Breadmaker black sesame hee pan (kikaku)

My clients are getting sick of just baking bread with their Donlim breadmaker. So they are asking if I can come up with more recipes, other than bread. Yesterday, I made soft and fluffy banana and walnut cake with it. This morning I made these Hakka delicacies with the breadmaker. I kneaded the dough and let it proof in the breadmaker, then steamed them in the steamer. The lil' fella loved them. He had about 2-3 of them. I had 3 myself. We love the chewiness but at the same time, also fluffy, especially when warm. 
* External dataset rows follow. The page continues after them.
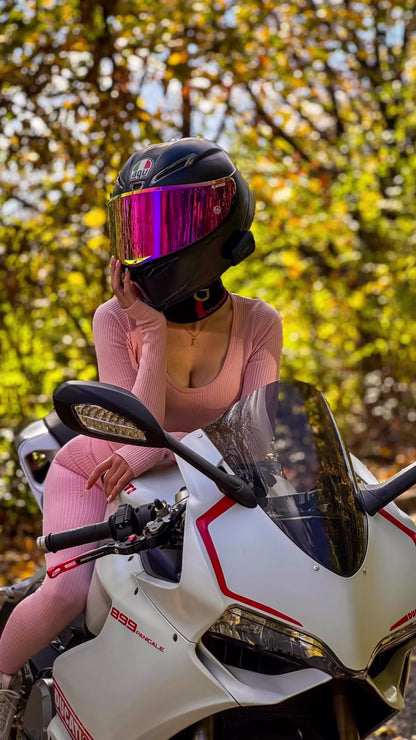 Visera del AGV - PISTA / GPR / GPRR / CORSA / R / RACE 3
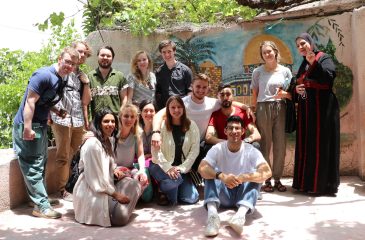 6 Community Development Volunteer Programs in Palestine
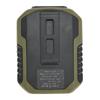 Waist Clip Fan 6000mAh ABS Hand-Free Neck Hanging Cooler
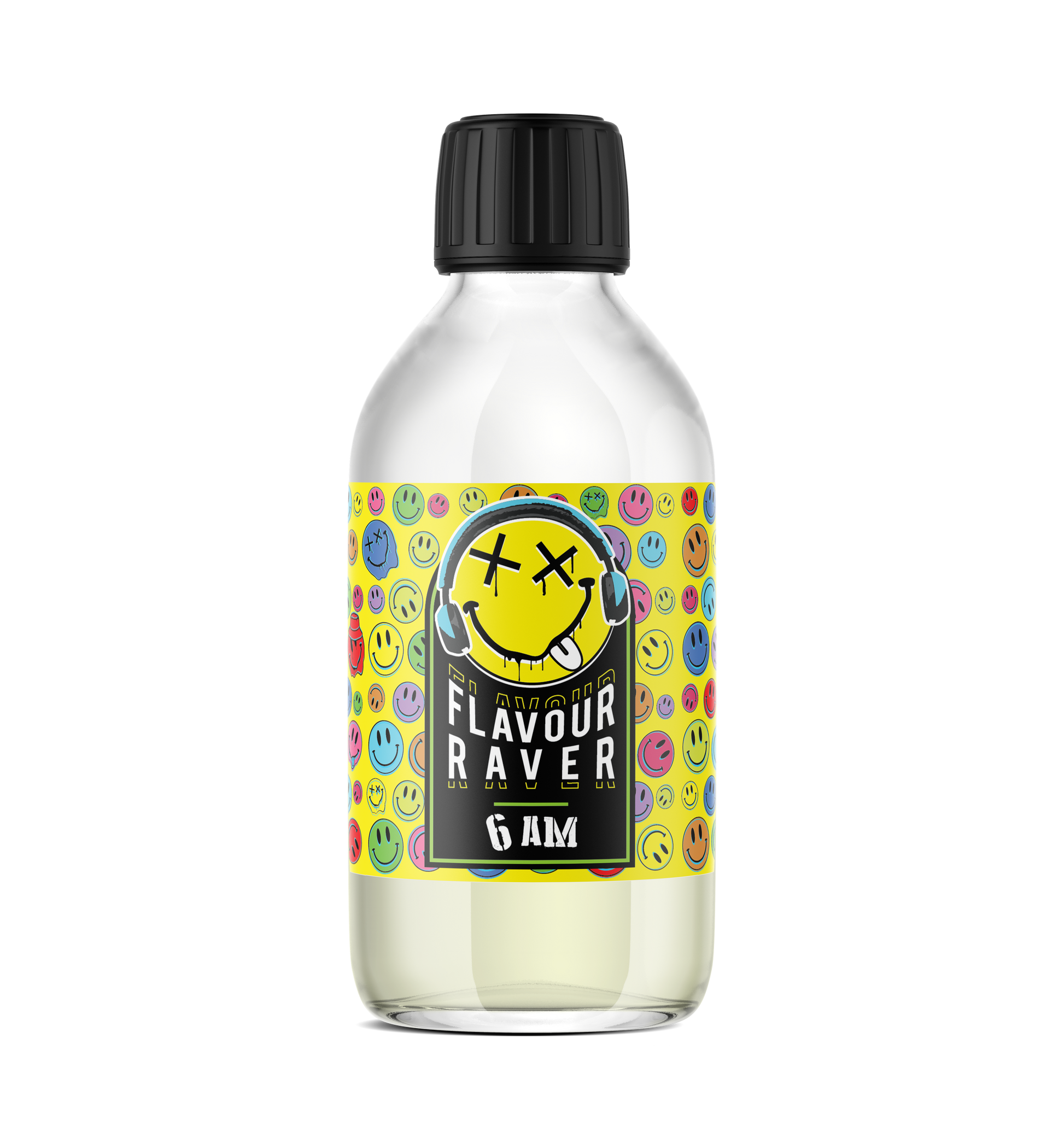 Flavour Raver 6AM 200ML Shortfill - The Ace Of Vapez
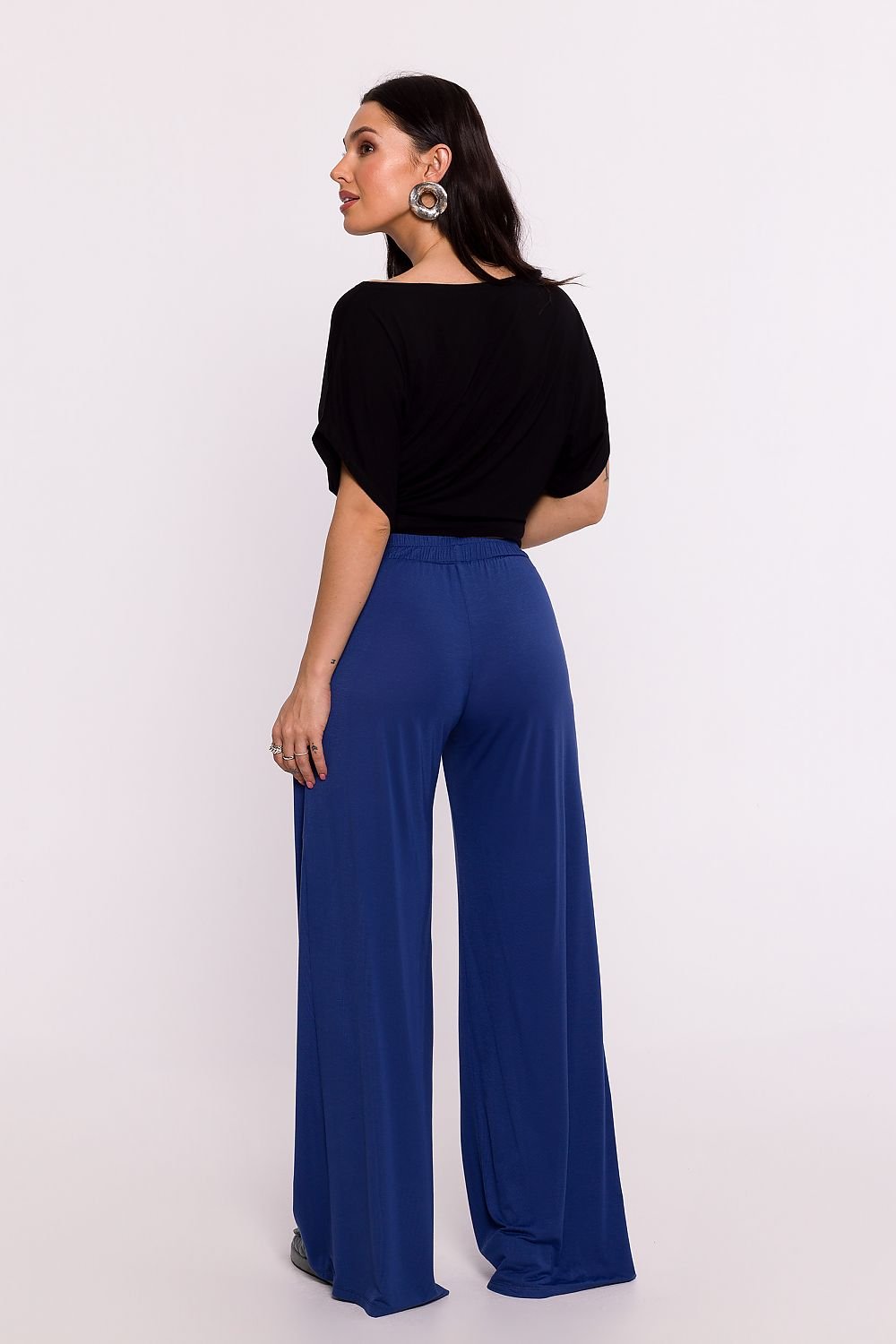Women trousers model 193657 BeWear - ELEMODA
This is a sponge dough recipe. It requires additional steps of preparation. I have made some simple dough method, but I felt that the texture of the kikaku is quite dense, so I have always prefer those made with this sponge dough. You can refer to those easier ones if you felt that this recipe is a little too cumbersome for you. Here's the link for the easier straight dough recipe. 

Sponge dough: 
  • 1tsp active dry yeast 
  • 200g all purpose flour
  • 150g black sesame drink / pandan juice (if making a pandan heepan) 
Combine all ingredients. Cover and proof overnight at room temperature. 

Main dough: 
  • 100g all purpose flour (I have used 85g all purpose flour + 15g cornflour) 
  • 150g glutinous rice flour 
  • 125g water / pandan juice (if making a pandan heepan) 
  • 125g sugar (I've replaced with 75g brown sugar) 
  • 1/2 tsp active dry yeast 
  • Some oil for rubbing on palms when moulding the hee pan later on. 
  1. Place all ingredients, including the sponge dough into the breadpan. Select mode no. 6 for knead (和面)。 Press Start 启动/停止。Let it knead for 10minutes. Press Stop 启动/停止。 
  2. Select mode no. 8 for Proof (发酵)。 Adjust TIME 时间 to 01:00 (1 hour). 
  3. After an hour, bring dough out of breadpan. Punch out trapped air. Shape into 50g ball and place on a steam paper or banana leaf. Press to flatten. 
  4. Let proof for another 15min. Steam on medium heat for 10min. 

中文翻译
面种: 
  • 1tsp 酵母 
  • 200g 普通面粉
  • 150g 黑芝麻奶 
在一个碗内将以上材料混合。盖上保险纸 , 放在室内室温发酵过夜。 

主面团:



  • 100g 普通面粉 (我用85g 普通面粉 + 15g 生粉) 
  • 150g 糯米粉
  • 125g 水
  • 125g 糖 (我只用了75g 黄糖) 
  • 1/2 tsp 酵母 
  • 油 (整形的时候抹在手板上用) 
  1. 将所有材料,包括面种,放入面包桶内。启动菜单 6  和面。 和面 10分钟,按停止。  
  2. 启动菜单 8  (发酵)。 调整时间为1小时。 按启动/停止。  
  3. 一小时之后, 将面团取出。敲打以将空气敲走。 将面团分成50克的小圆形, 放在香蕉叶上压扁。 
  4. 发酵15分钟. 中火蒸10分钟。